* Task goal
All lines from the one bearing "Ready Assembled 2 U Tamworth" through the end of the data below must be printed exactly as they stand, with pictures removed.

-- Working data follows --

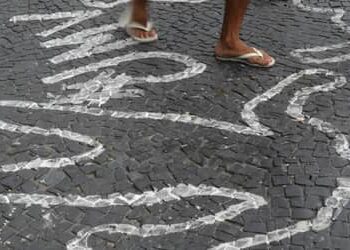 Atlas da Violência: veja ranking dos municípios mais violentos do Brasil; 1,8% somam metade dos homicídios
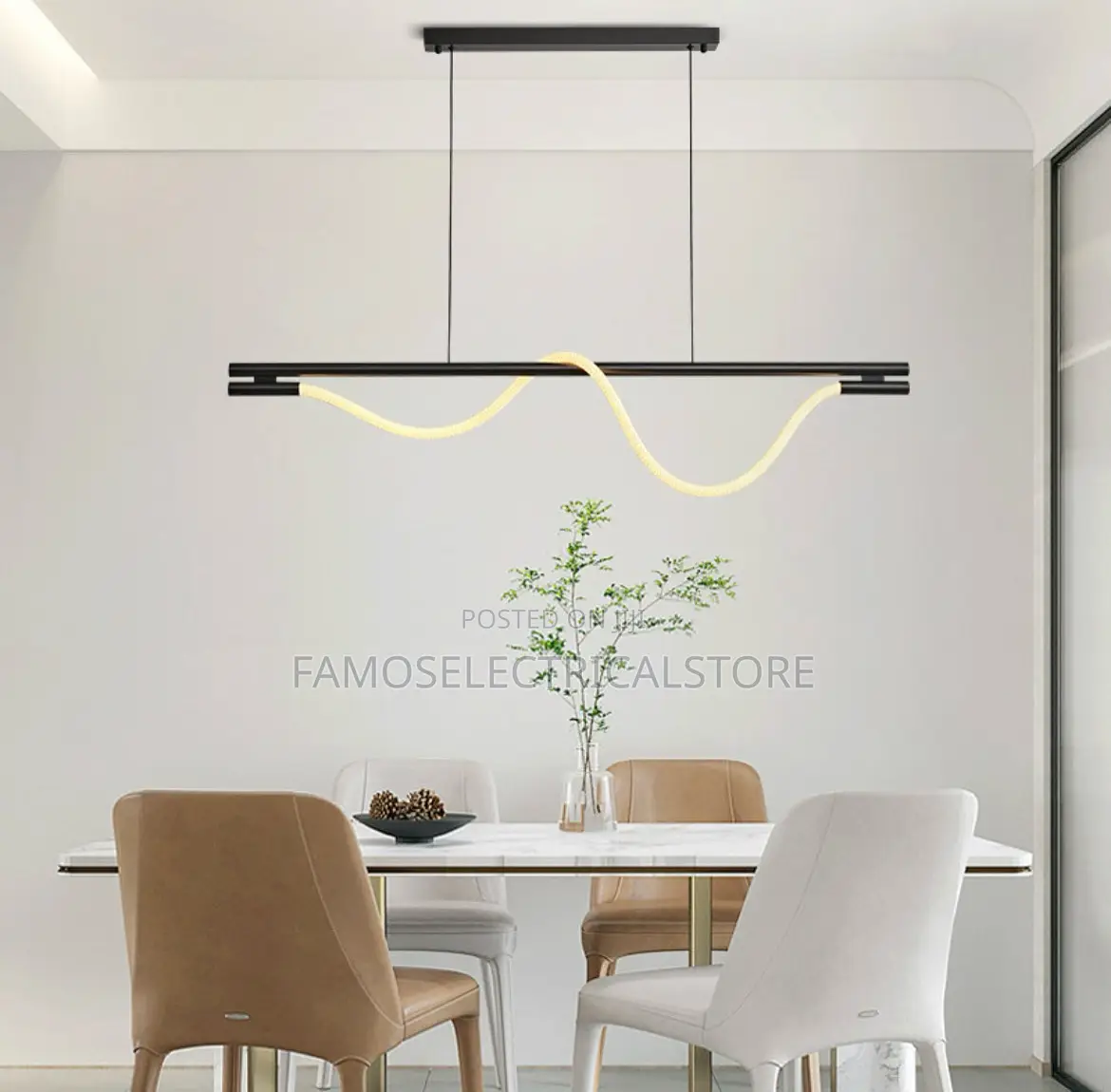 Modern Led Pendant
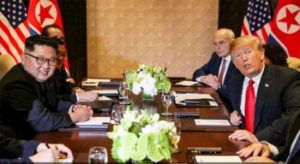 Trump dan Kim Gagal Berkoalisi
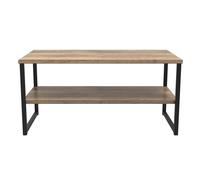 Ready Assembled 2 U Tamworth XXL Coffee Table 1000x500 (Ready Assembled) in Dark Brown Ready Assembled 2 U Dark Brown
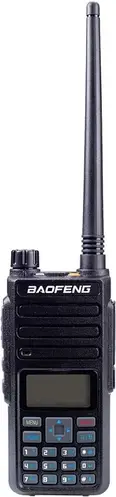 Цифровая рация DMR Baofeng DM-1801UV c шифрованием AES256 (ID ...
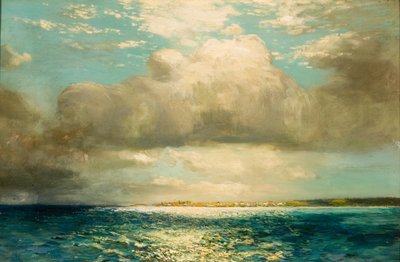 Seascape by Julian Rix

-- Working data concluded --

* Answer below
 Ready Assembled 2 U Tamworth XXL Coffee Table 1000x500 (Ready Assembled) in Dark Brown Ready Assembled 2 U Dark Brown
 Цифровая рация DMR Baofeng DM-1801UV c шифрованием AES256 (ID ...
 Seascape by Julian Rix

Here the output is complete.